W literaturze klasycznej, w potocznej mowie ludzi, w codziennej komunikacji, z nieznanych zakamarków pamięci wyłaniają się dziwne wyrażenia. Są używane, ale ich znaczenie często ginie na zawsze.
Któż nie pamięta postaci Nikulina, śpiewającej na scenie o zajęczach koszących „trysznicę na łące”. A jeśli spojrzysz na klasykę, Leskov znajdzie: „Wyspę, na której rośnie trawa tryn”. Słynny Czechow: „Albo wiedz, po co żyjesz, albo wszystkie drobiazgi, tryn-trawa”. Wszędzie jest to dziwne wyrażenie, którego pochodzenia nie można już wyśledzić. Istnieje jednak kilka bardzo interesujących hipotez.
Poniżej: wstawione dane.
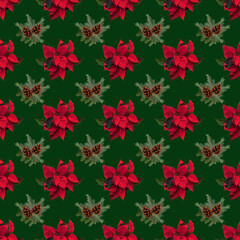 Seamless festive Christmas pattern with red poinsettia flowers, evergreen branches and pinecones on green background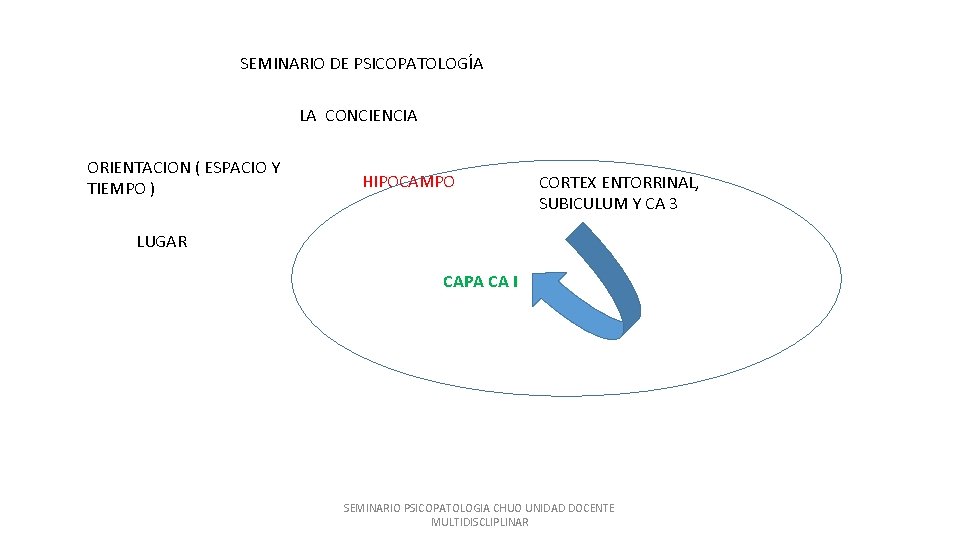 SEMINARIO DE PSICOPATOLOGÍA LA CONCIENCIA ORIENTACION ( ESPACIO Y TIEMPO ) HIPOCAMPO CORTEX ENTORRINAL,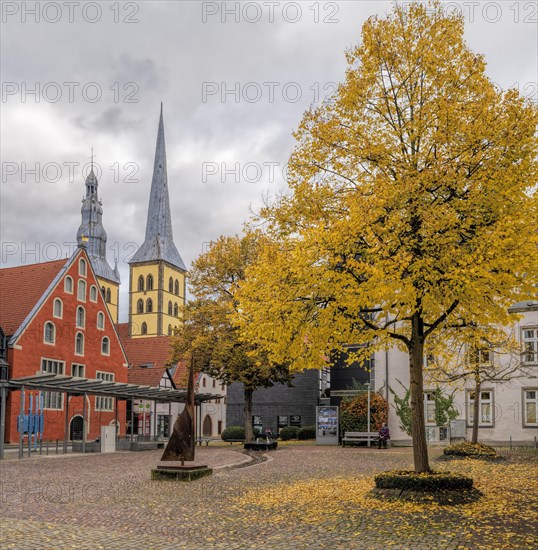 Waisenhausplatz Autumn Lemgo Germany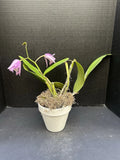 Cattleya Dominiana 1859 4" Potted Orchid Orchids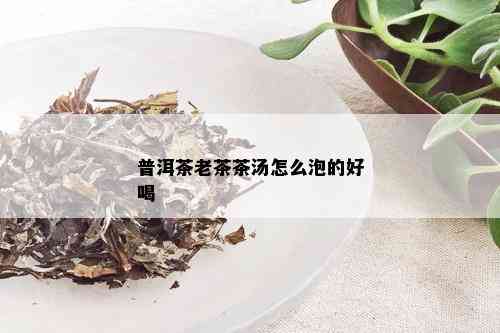 普洱茶老茶茶汤怎么泡的好喝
Według słowników i historii
Jeśli zajrzysz do słynnego słownika Dahla lub nie mniej znanego Uszakowa, a także nie zapomnisz o Ożegowie, to tutaj „trawa trynowa” ma ogólne znaczenie. Wyrażenie oznacza coś pustego, bezsensownego, trywialnego. Po zastosowaniu do osoby może to oznaczać, że niczego się nie boi, jest gotowy na wszelkie bzdury - wszystko jest po prostu „trawą próbną”.
Oczywiście te definicje mają swoje miejsce, ale nie wyczerpują całego problemu. Ponieważ istnieją inne nie mniej interesujące wersje. Większość językoznawców, w taki czy inny sposób, jest skłonna wierzyć, że pierwotnie to słowo brzmiało jak „trawa tyn”. A co to jest „tyn”, zna także współczesny człowiek. To znaczy ogrodzenie lub ogrodzenie. Prawdopodobnie miał na myśli chwast o wysokości tyn, stojący jak płot.
Jeśli spojrzysz na język bułgarski, znajdziesz tu takie ciekawe słowo jak „tyntrava”, co oznacza chwast rosnący pod płotem lub chwast pod płotem. Jednak naukowcy jednogłośnie przyznają, że nie ma wiarygodnej definicji tego słowa. Można tylko zgadywać, znaleźć przykłady w innych językach grupy słowiańskiej i wyciągnąć wnioski.
Warto jednak rozważyć osobno i „trawę”, bo bez tego sens nie byłby pełny. Jak zasugerował Dahl, „zioło” jest semantycznie powiązane z jedzeniem lub jedzeniem. Ale niekoniecznie o jadalnej trawie jest powiedziane w „tryn-grass”. NS. Volsky zauważył, że „trawa” może oznaczać „truciznę, prześladowanie”, a zatem przejście do „jedzenia, gryzienia, niszczenia” i wielu innych znaczeń.
I znowu do chwastów
W wyniku tych wszystkich badań etymologia tego wyrażenia została rzekomo wyjaśniona jako „pod ogrodzeniem chwastów” i „niedokarmianie”. Możliwe, że obie opcje są prawdziwe, ponieważ przez długi czas w Rosji zwierzęta gospodarskie były karmione tym, że tak po prostu rosną, zwłaszcza latem na wypasie. Krowy spokojnie zbierały wszystko, co rośnie, aż po trujące i po prostu gorzkie rośliny.
Mam nadzieję, że to jest prawdziwe znaczenie tego wyrażenia. A także fakt, że reszta przestarzałych wyrażeń nie zniknie całkowicie z bogatego, wspaniałego i potężnego języka rosyjskiego.